(TASK DATA Opens)

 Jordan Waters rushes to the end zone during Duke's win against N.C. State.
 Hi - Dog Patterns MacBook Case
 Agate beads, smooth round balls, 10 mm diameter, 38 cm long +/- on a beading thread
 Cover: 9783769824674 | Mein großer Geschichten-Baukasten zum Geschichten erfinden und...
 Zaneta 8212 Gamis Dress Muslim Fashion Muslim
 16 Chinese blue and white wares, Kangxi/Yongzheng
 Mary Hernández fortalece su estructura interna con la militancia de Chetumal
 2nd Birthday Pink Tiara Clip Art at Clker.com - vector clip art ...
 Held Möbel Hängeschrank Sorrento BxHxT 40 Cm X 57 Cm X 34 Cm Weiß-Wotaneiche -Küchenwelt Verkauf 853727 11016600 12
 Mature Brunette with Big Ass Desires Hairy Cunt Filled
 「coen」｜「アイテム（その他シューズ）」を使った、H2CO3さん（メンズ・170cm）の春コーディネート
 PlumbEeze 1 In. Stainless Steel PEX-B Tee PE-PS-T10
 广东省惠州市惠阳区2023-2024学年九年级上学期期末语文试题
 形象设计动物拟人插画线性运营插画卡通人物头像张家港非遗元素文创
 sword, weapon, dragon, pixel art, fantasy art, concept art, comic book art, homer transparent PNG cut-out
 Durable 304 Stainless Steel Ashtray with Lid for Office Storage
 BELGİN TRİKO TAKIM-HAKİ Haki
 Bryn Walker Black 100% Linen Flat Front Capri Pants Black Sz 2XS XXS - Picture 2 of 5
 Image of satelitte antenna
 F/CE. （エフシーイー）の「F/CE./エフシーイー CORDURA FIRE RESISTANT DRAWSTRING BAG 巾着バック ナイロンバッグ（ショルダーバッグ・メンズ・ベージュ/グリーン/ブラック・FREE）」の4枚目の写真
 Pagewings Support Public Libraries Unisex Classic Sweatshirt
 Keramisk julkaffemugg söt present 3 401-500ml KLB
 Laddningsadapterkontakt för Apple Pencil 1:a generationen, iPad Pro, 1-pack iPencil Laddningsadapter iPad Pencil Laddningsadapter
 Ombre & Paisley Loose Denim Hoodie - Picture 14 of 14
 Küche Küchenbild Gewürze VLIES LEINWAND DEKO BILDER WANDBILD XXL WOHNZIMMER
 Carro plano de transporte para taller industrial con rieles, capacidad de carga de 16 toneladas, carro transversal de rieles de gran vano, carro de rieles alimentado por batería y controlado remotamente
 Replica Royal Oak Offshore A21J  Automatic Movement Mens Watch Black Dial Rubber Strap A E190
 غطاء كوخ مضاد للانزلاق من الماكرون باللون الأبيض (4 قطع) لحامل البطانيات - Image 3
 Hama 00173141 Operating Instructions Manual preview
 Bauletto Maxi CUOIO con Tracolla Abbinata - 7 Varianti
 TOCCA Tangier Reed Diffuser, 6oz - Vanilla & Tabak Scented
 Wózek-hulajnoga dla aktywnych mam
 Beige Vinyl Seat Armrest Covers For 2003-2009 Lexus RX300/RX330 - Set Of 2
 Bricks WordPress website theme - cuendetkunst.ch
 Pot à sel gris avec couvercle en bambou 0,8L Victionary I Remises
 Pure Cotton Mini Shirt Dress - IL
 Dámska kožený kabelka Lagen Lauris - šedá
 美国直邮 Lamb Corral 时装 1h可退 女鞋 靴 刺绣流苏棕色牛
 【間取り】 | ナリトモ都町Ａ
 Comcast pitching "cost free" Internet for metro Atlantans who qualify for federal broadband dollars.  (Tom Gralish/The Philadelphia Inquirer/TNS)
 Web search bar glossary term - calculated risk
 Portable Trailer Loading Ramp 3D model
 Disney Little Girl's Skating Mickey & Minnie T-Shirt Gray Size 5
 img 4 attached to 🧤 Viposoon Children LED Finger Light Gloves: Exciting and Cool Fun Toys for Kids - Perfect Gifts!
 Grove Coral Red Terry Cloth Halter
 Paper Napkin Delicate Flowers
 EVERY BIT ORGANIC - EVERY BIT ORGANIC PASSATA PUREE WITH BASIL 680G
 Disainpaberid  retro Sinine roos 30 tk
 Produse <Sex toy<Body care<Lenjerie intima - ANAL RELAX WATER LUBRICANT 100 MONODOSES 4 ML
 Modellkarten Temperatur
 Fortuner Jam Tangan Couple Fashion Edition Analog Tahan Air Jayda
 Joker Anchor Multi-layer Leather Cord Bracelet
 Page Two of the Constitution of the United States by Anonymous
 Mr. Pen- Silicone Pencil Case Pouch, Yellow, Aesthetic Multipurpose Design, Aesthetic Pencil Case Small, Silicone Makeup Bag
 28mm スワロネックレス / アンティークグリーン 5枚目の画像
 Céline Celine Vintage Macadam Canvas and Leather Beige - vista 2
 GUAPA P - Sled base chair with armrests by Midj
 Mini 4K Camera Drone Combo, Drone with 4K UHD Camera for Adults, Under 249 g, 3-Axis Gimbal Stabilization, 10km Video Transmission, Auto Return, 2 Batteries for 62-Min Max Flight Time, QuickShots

(TASK DATA Closes)

▶ GOAL OF THE EXERCISE: In the listing above, show every line with the word "Case".

▶ ANSWER TO THIS PROBLEM:
 Hi - Dog Patterns MacBook Case
 Mr. Pen- Silicone Pencil Case Pouch, Yellow, Aesthetic Multipurpose Design, Aesthetic Pencil Case Small, Silicone Makeup Bag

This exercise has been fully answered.